For Roller Vixens, Saturday was crunch time at Skating Palace

July 23, 2011|By ANDREW SCHOTZ |
  • Members of the Mason Dixon Roller Vixens and a member of the Uncivil Warriors during their match on Saturday at Turners Skate Palace.
By Chris Tilley/Staff Photographer

HALFWAY, Md. — The Mason-Dixon Roller Vixens of Hagerstown were jamming on Saturday.

In racking up a 100-28 lead, the hometown team knocked around the River City Rollergirls Uncivil Warriors, who were visiting from Richmond, Va.

This was roller derby — a rough-and-tumble muscle sport built on dogged skating.

The Vixens are about 20 to 25 women who adopt new personas and circle the oval at Turner's Skating Palace on Virginia Avenue in Halfway when they're not at their day jobs.

Christin Bloom of Frederick, Md., whose roller derby name is Pink Medusa, said they practice three times a week; players must attend at least two.

They work on their skating, jumping, stopping and even falling. They hope to master these skills so they can take their test, which includes finishing 25 laps in less than five minutes, plus a written exam.

Passing the test enables them to become full-fledged Vixens.

Until then, they're known as "fresh meat," such as Raiza Ramos of Emmitsburg, Md., who works for Frederick County's animal shelter.

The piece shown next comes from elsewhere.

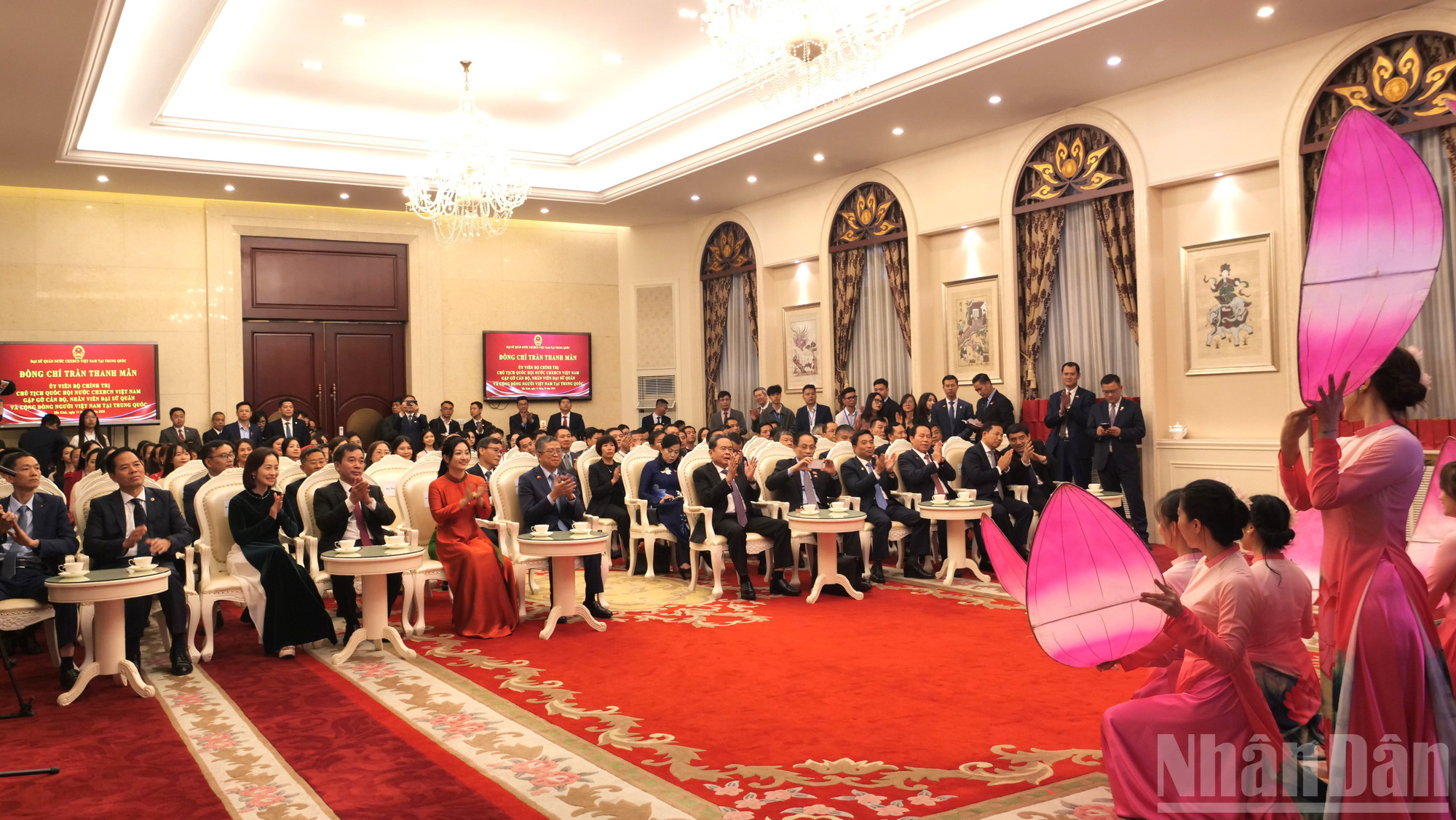 To&agrave;n cảnh buổi thăm, l&agrave;m việc tại Đại sứ qu&aacute;n.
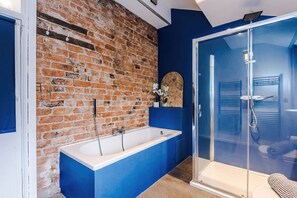 House - Charming Home Perfectly Located in Chester (Chester)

She watched the action on Saturday as she recovered from breaking her tailbone in two places. It hurts when she sits down.

She said the injury won't keep her from skating, which she loves.

Bloom, a hairdresser, said that's a common question when people first hear about the sport: Isn't it dangerous?

It's certainly not chess.

Take, for example, the hit one of the Vixens laid on "Murphy" of the Uncivil Warriors. It was an upper-arm crunch to the upper chest, so it looked legal, and it dropped Murphy into a twisted heap.

She was back on her feet a few minutes later, a little achy.

Paul Mitchell of Hagerstown was in the crowd with his 3-year-old daughter, Alison, who seemed more interested in the play area for kids.

Mitchell said he likes roller derby because it gives women a sport of aggression and excitement.

"There's really nothing like it around," he said.

Jennifer Daley of Chambersburg, Pa., was selling buttons in the crowd. Some had unicorns on them; others had catchy slogans, such as "The Derby Monster Ate My Life" and "My Mommy's Hell on Wheels." Some buttons were cartoon-like depictions of Vixen skaters.

Daley also is "fresh meat." She said she's ready for her test. She'll be Madam WhiskIt, a name she picked because she cooks for the team.

Ramos will be known as Nerdy Sanchez.

Bloom said the Vixens usually have a home bout at Turner's Skating Palace one month, then an away bout the next month, during their season.

The next home bout will be Aug. 6 against the Black Rose Rollers of Hanover, Pa.